Le Temps des amandes vertes

Où mieux qu’à Triana peut-on assister à une démonstration de sévillanes ? Il suffit de passer le pont, celui d’Isabelle II, qui enjambe la darse du Guadalquivir, au terme de juillet, et de se mêler au public bon enfant qui y célèbre dignement, joyeusement, la séculaire Velá en l’honneur des saints, patron et matronne confondus, de la capitale andalouse – Saint-Jacques et Sainte-Anne. Bien nous en a pris, le soir caniculaire où avaient lieu les finales du concours de "baile por sevillana" qui porte le nom d’une des grandes figures de la danse flamenca, Matilde Coral. Cette dernière, et ses consœurs Pepa Montes et Cristina Hoyos, formaient le jury chargé de séparer le bon grain de l’ivraie, d’encourager les jeunes talents, filles et garçons répartis en quatre classes d’âge et de leur prodiguer de modestes trophées qui auront pour eux, pour longtemps, une forte charge symbolique.

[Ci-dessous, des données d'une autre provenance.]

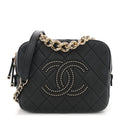 Lambskin Quilted Studded Quilted Vanity Case With Chain Black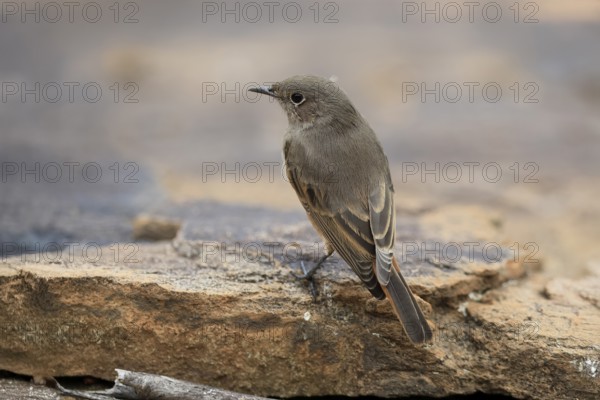 Rusty-tailed Wheatear, (Oenanthe familiaris), adult, alert, Mountain Zebra National Park, South Africa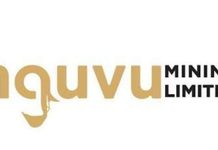 Nguvu Holdings Denies US$224M Share Fraud Allegations, Demands Immediate Retraction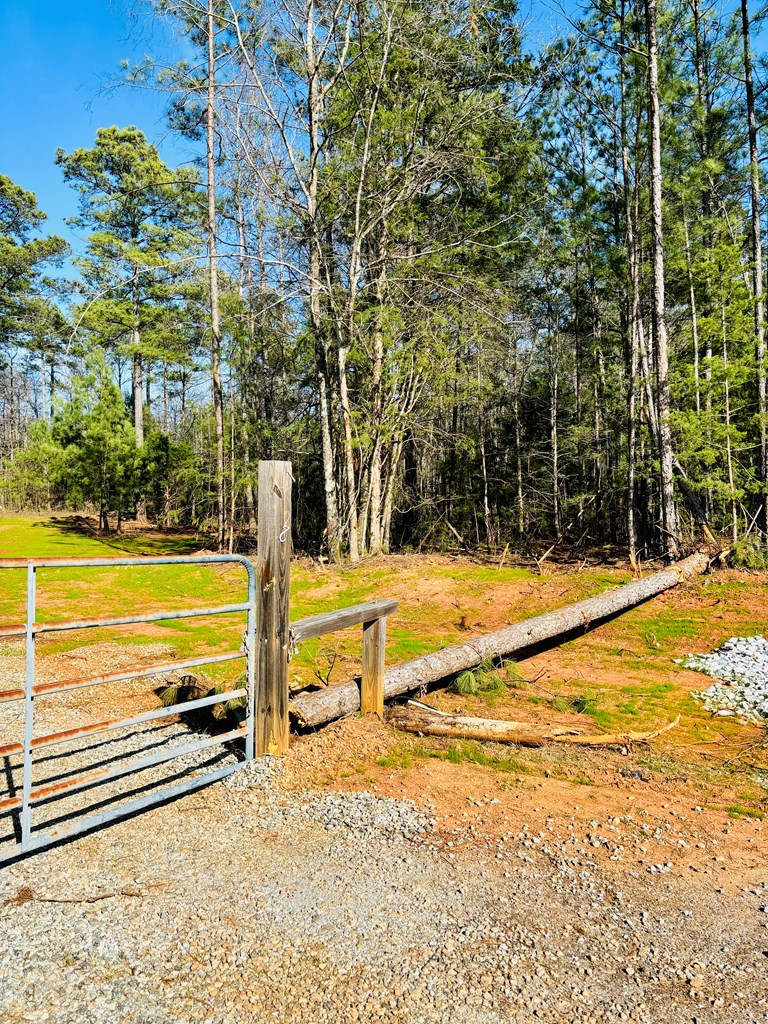 0 Latimer Boat Ramp Road Calhoun Falls, SC 29628 - Photo 3 of 19 Gallery Image 3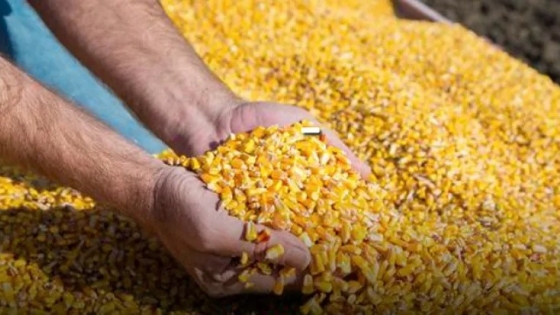 Aumentó el precio mundial de los alimentos en julio a raíz de la retirada de Rusia del acuerdo de granos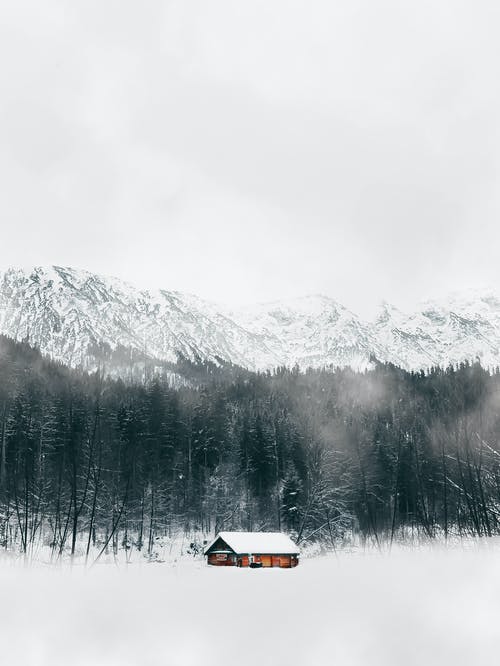 树木和白雪覆盖的山附近的布朗房子 · 免费素材图片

Expression populaire s’il en est, danse de couples gardant leurs distances – le tact consistant, précisément, à ne pas jamais toucher l’autre – mesurée en trois temps, d’un assez vif tempo, accompagnée de musique, de palmas, de palillos et de chant, la sevillana est structurée en "paseíllos" (allers-retours agrémentés de flexions de poignets et de levers de bras), "pasadas" (croisements avec extension d’un bras signalant le demi-tour à venir), "vueltas" (tours complets), "careos" (confrontations miroitantes avec effets de pivot), "remates" (gels du geste) et autres "golpes" (zapateos). La Velá (ou Velada) consiste à retenir la nuit, comme le roucoulait Johnny à Deneuve dans Les Parisiennes (1962) sur des lyrics d’Aznavour. Toute la nuit, si possible – trasnochar retarde le sommeil de quelques heures seulement. Cette insomnie vitale, congénitale sous ces latitudes, pourrait être rapprochée du tour de garde eucharistique. Rester (ou reposer) sans dormir est une activité digne de respect, aussi bien chez les croyants que chez les mécréants. Ici, on apporte du soin au malade comme au mort. Une tâche sans relâche. La rançon de la sieste – en somme...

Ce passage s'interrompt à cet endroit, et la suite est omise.